■ **GIVEN DATA**
++++++++

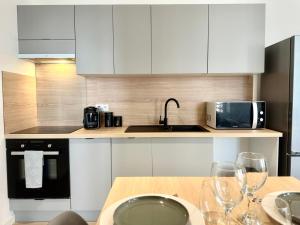 a kitchen with white cabinets and a table with wine glasses at L'AUTHENTIQUE - Moderne - Central in Mont-de-Marsan
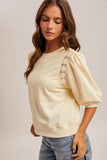 Woman wearing a beige sweater with lace sleeves on a plain background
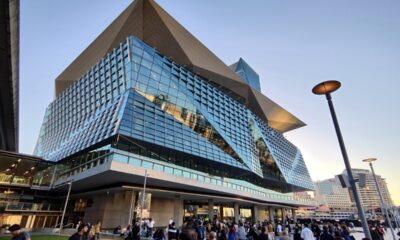 Sydney modern skyline viewed at Darling Harbor. People walking on the pedestrian zone in central Sydney.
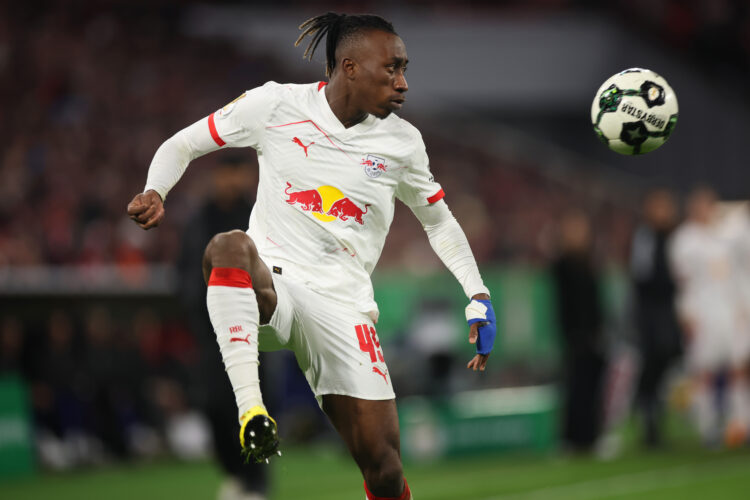 MUNICH, GERMANY - FEBRUARY 11: Yan Diomande of RB Leipzig controls the ball during the DFB Cup Quarter Final match between FC Bayern München and RB...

++++++++

■ **YOUR ASSIGNMENT**
The lines from the one with "Woman wearing a" to the end of the data above should be retyped exactly, both ends included, and pictures are to be left out.

■ **SOLUTION FOR THIS PROBLEM**
 Woman wearing a beige sweater with lace sleeves on a plain background
 Sydney modern skyline viewed at Darling Harbor. People walking on the pedestrian zone in central Sydney.
 MUNICH, GERMANY - FEBRUARY 11: Yan Diomande of RB Leipzig controls the ball during the DFB Cup Quarter Final match between FC Bayern München and RB...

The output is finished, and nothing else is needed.